**WHAT IS EXPECTED:** Print word for word the first line of the records below and every following line through the one containing "Rybitwa czubata (Thalasseus sandvicensis)"; print nothing else.

Caption-style text data:
----
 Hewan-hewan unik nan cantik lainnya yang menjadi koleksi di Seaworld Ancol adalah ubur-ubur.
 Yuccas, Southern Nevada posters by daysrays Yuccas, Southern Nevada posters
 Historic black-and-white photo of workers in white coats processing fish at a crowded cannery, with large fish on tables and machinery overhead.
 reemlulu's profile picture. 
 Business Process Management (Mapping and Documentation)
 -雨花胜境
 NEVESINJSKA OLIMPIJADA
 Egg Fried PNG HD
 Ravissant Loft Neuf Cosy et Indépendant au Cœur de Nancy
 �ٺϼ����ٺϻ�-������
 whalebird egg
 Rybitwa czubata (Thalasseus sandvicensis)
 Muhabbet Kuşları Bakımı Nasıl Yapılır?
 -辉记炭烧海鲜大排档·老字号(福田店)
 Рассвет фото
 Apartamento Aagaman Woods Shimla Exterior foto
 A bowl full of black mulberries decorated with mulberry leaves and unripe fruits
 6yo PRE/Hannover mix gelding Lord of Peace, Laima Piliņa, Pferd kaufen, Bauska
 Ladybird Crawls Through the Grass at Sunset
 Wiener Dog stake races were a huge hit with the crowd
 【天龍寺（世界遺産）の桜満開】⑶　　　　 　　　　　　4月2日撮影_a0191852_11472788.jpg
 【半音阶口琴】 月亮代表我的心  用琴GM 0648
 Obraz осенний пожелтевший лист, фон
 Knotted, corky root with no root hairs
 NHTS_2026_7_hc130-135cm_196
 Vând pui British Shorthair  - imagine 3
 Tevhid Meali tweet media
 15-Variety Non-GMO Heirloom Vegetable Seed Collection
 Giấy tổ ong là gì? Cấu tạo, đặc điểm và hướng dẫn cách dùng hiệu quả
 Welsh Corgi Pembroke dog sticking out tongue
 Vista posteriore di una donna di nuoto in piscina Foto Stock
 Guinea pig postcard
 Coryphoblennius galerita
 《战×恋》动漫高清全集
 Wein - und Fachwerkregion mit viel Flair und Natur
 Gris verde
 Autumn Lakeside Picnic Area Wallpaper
----
**RESPONSE AREA:**
 Hewan-hewan unik nan cantik lainnya yang menjadi koleksi di Seaworld Ancol adalah ubur-ubur.
 Yuccas, Southern Nevada posters by daysrays Yuccas, Southern Nevada posters
 Historic black-and-white photo of workers in white coats processing fish at a crowded cannery, with large fish on tables and machinery overhead.
 reemlulu's profile picture. 
 Business Process Management (Mapping and Documentation)
 -雨花胜境
 NEVESINJSKA OLIMPIJADA
 Egg Fried PNG HD
 Ravissant Loft Neuf Cosy et Indépendant au Cœur de Nancy
 �ٺϼ����ٺϻ�-������
 whalebird egg
 Rybitwa czubata (Thalasseus sandvicensis)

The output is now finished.